Carbon source does not regulate ispC expression.

The expression of the ispC gene was examined in response to three carbon sources (glucose, fructose, and mannose). Carbon source has been cited as having a major effect on the expression of various proteins in L. monocytogenes (17, 22). L. monocytogenes(pTCV-PispC) showed similar growth (data not shown) and β-galactosidase activity in the minimal media supplemented with each carbon source (Fig. 7A). Therefore, the ispC gene expression is not regulated by carbon source. Cells grown with each carbon source were also easily detected by the presence of the IspC protein by immunofluorescence microscopy (Fig. 7B to G).
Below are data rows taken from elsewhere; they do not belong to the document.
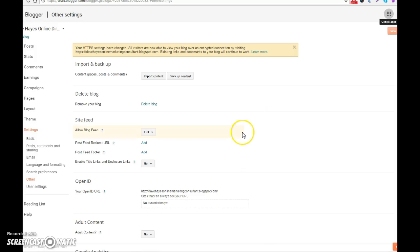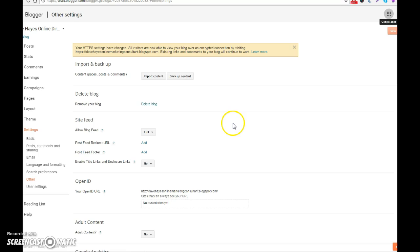Dave Hayes here, direct marketing consultant. In this video, I'm going to show you how you can add your Google Analytics ID to the other settings section of your Google blog. What you need to do first of all is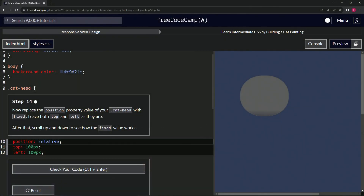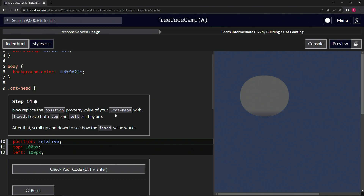Now we're doing FreeCodeCamp responsive web design — learn intermediate CSS by building a cat painting, step 14. We're going to replace the position property value of our cat head class selector with fixed. We'll leave both top and left as they are, and after that we'll scroll up and down to see how the fixed value works.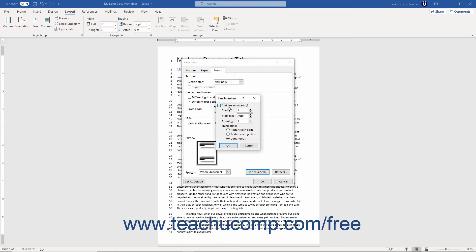To specify the starting line number, use the Start At spinner box. To specify the line number's distance from the text, use the From Text spinner box.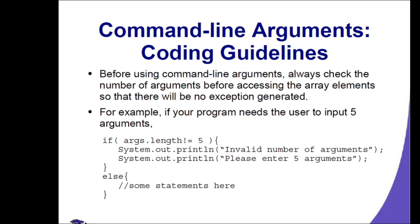Before using command line arguments, always check the number of arguments before accessing the array element, so that there will be no exception generated. For example, if your program needs the user to input 5 arguments, we will limit it to 5.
Fig 7 — Carbon source regulation of *ispC* expression. (A) *ispC* was expressed at the same level in minimal media when supplemented individually with a glucose, fructose, or mannose carbon source. *L. monocytogenes* cells are also detectable by an anti-IspC antibody when grown in glucose (C), fructose (E), or mannose (G). In addition, phase contrast images of cells grown in glucose (B), fructose (D), or mannose (F) are shown for comparison.

Effect of various L. monocytogenes enrichment media on ispC expression.

Several types of media are routinely used for the selective enrichment of L. monocytogenes in most Listeria methods prior to bacterial isolation and detection. To expand the potential of MAbs which recognize IspC beyond direct culture-independent detection into postenrichment detection, the expression of the ispC gene, as assessed by the activity of β-galactosidase transcribed by the ispC promoter in L. monocytogenes(pTCV-PispC), was examined over the span of the growth curve in four media, including BHI broth (Fig. 8A), Fraser broth (Fig. 8B), Palcam broth (Fig. 8C), and UVM (Fig. 8D). Although the levels of β-galactosidase activity varied between media, it was detectable in all of the media used. Expression of the ispC gene was significantly higher (P < 0.001) at all time points when cells were grown in BHI broth than when they were grown in UVM. ispC gene expression is the same in cells grown in Fraser and Palcam broths (P > 0.001) except for at the 750-min time point, when the ispC gene is expressed more in Fraser broth (P < 0.001). The activity of β-galactosidase under the control of the ispC promoter is generally higher in cells grown in BHI broth than in cells grown in Fraser and Palcam broths, although significance varies between time points. IspC was present on the cell surface at high enough levels to allow cells to be easily detected by immunofluorescence microscopy after 24 h of growth regardless of growth media (Fig. 8E to J).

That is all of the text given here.